Observational Retrospective Study On Dialytic Clearance Parameters Obtained During Hemodialitic Sessions In Condition Of Normal And Suboptimal Blood Flow

Abstract

Introduction:

Hemodialysis is a life-saving procedure that is required by patients with end-stage chronic kidney disease. This procedure, based on diffusive and convective mechanisms, uses a large amount of treated water (dialysate) to capture patient’s blood toxins using a semi-permeable membrane (dialysis filter). The volume of blood cleared from toxins per minute of treatment is defined dialytic clearance and it is indicated by the letter K [1]. K is modulated by 3 different factors: patient blood flow (Qb), dialysate flow (Qd), filter-specific diffusive coefficient (KoA). During standard practice, these factors are adjusted in order to achieve an appropriate toxins clearance: KoA can be controlled by physician that uses different filter type, meanwhile the dialysis machine uses an autoflow mechanism (AF) to adjust Qd accordingly to Qb [2, 3]. However, in a real case scenario, some patients cannot withstand normal Qb (Qb < 300 ml/min) then AF need to increase Qd to achieve similar purification results but consequently leading to higher Qd usage.
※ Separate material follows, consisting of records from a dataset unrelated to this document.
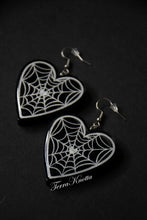 Load image into Gallery viewer, Black Spiderweb Heart Earrings

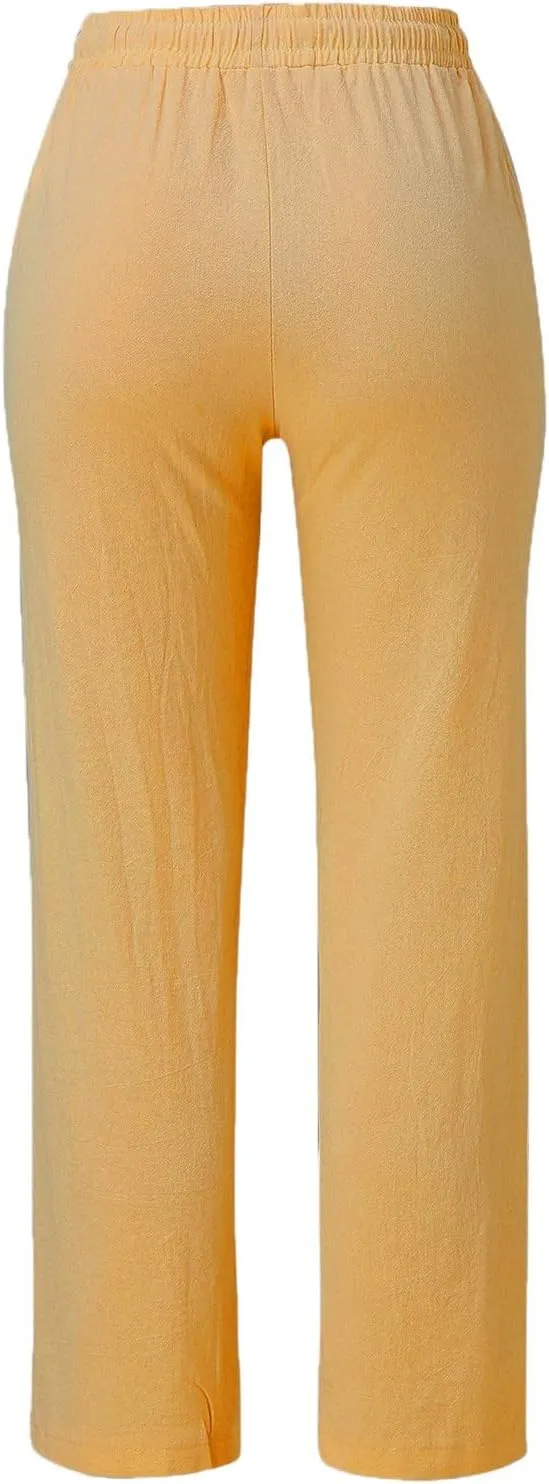 Women's Casual Loose Wide Leg Cozy Pants Linen Elastic Women Leg Solid 2025 Flowy Beach Trendy Trousers with Pockets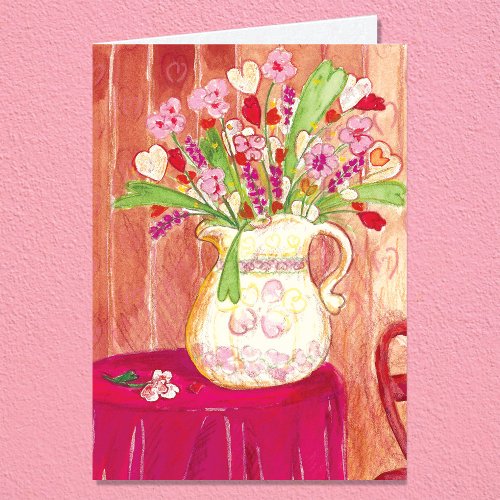 Hearts Floral Painting Blank Card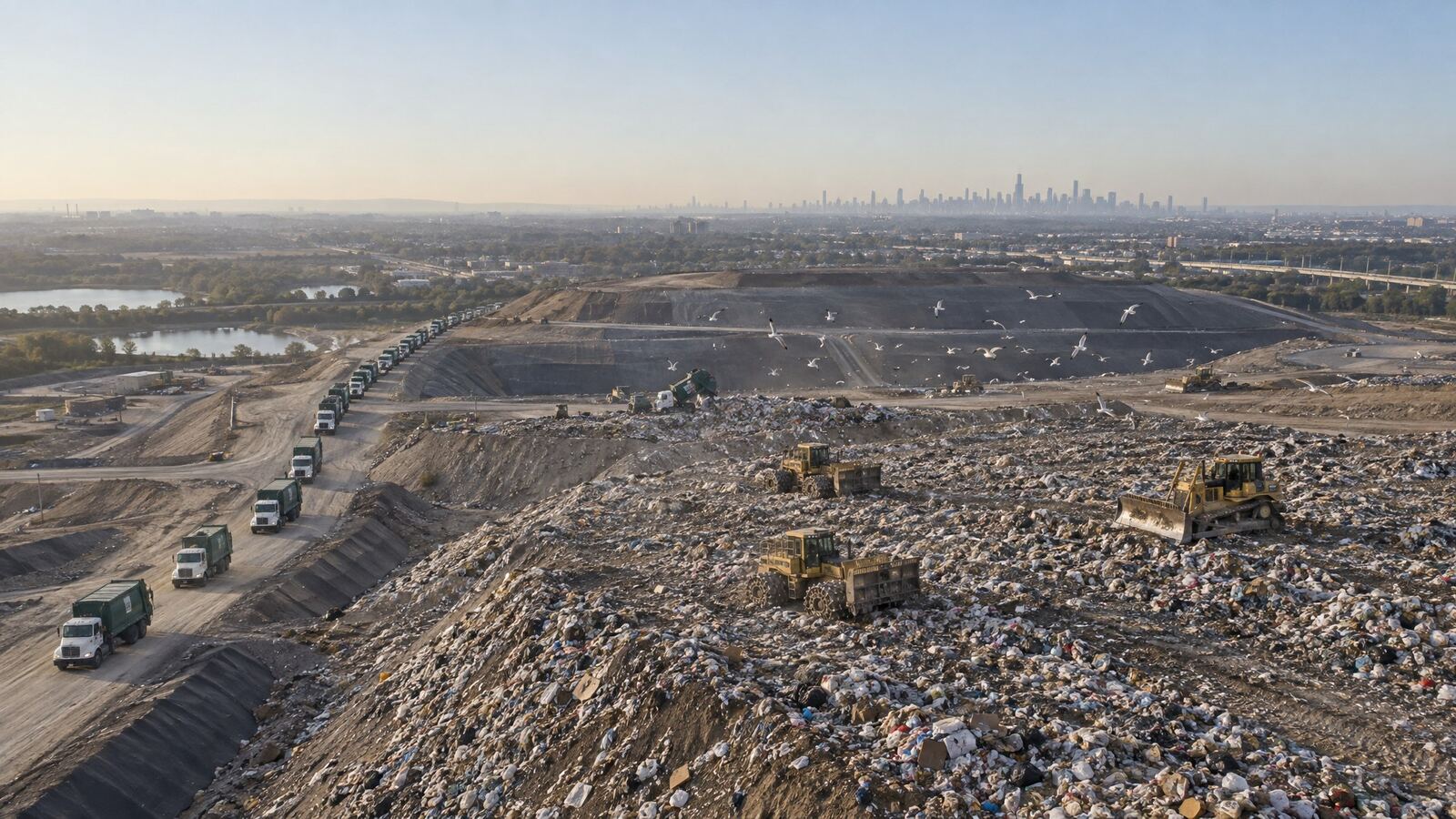 Trucks on a landfill with a city skyline behind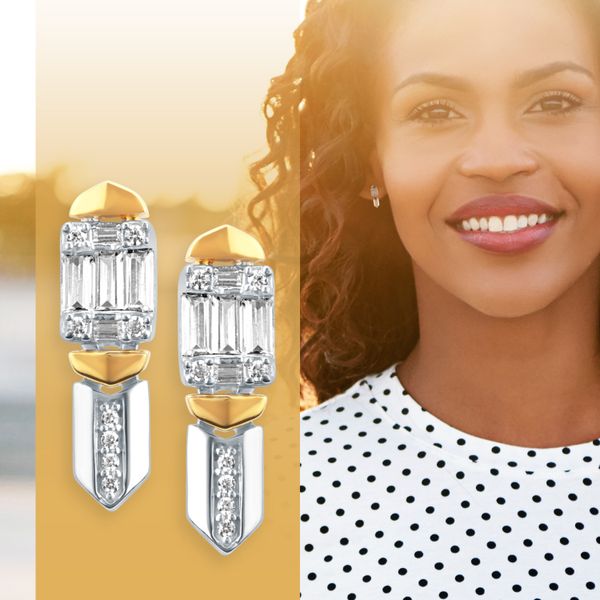 14k White & Yellow Gold Diamond Earrings Image 4 B & L Jewelers Danville, KY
Since most information on dialysis filter KoA is based on in vitro data, we decided to take advantage of a novel dialysis machine (Fresenius 5008^Ⓡ) capable of measuring real-time K value and we used this information to quantify in vivo KoA.

Objectives:

Our study aimed to describe, in real case scenario, the clearance performance of five different dialytic filters working on subjects with suboptimal Qb and to measure how different Qd can influence in vivo KoA.

Methods:

We conducted a retrospective descriptive study on Nephrology and Dialysis Unit hemodialyzed population (AUSL-IRCCS di Reggio Emilia). A cohort of 70 subjects was screened for presence of at least 6 hemodialytic sessions (all of them with the same filter type) in a time span of 90 days and starting from a first session with suboptimal Qb. For each session, K values were collected for different combination of Qd (500, 300 ml/min) and Qb (300, 250, 200 ml/min). KoA in vivo was calculated according to Alayoud et al. work [4] and compared with manufacturer in vitro KoA using one sample Wilcoxon signed-rank test. Then, using only suboptimal Qb condition, it was investigated the effect of different Qd on in vivo KoA using a paired samples Wilcoxon signed-rank test. Finally, for each dialysis filter, in vivo KoA values were used to generate a nomogram to visualize the relation between K and Qb at the end of a standard dialytic session. Nomogram calculations were done according to already published method [4] and assuming a target of K=1.2*V/t for the minimal adequate dialytic dose [5].

Results

Our data showed that in vivo KoA of Fx80^Ⓡ, Fx100^Ⓡ, Fx1000^Ⓡ, Solacea 19H^Ⓡ and Filtryzer BG2.1^Ⓡ dialysis filters are all significantly lower (p<0.001) than their respective in vitro KoA values reported in the manufacturer datasheet. Comparison between KoA values, among different dialysis filters, in condition of suboptimal Qb, showed a non-significant difference among groups, suggesting that usually higher Qd can only increase marginally in vivo KoA. Lastly, we produced a nomogram that compared dialysis filter performance side by side. From top performer to the lowest: Fx^Ⓡ filters groups showed similar in vivo K for all Qb modeled, followed by Solacea 19H^Ⓡ filter, then Filtryzer BG2.1^Ⓡ.

Conclusions

Our data confirmed the discrepancy between in vitro and in vivo KoA values for each dialysis filter analysis. Our results showed a percent decrease spanning from 48% to 61% among all filters, and these results are in line with the model developed by Daugirdas and colleagues [6] that estimates a 57% lower in vivo/in vitro KoA. Unfortunately, due to low patient enrollment and data availability, the statistical test comparing distinct filters in condition of suboptimal Qb was underpowered so it cannot be considered conclusive. Lastly, produced nomogram is helpful to visually describe the link between Qb and K among distinct dialysis filters. Understanding which are the real in vivo clearance performance of these filters, in both normal and suboptimal Qb, is an important knowledge to achieve and it can lead to further improvement in patient care and resources allocation for the health care system.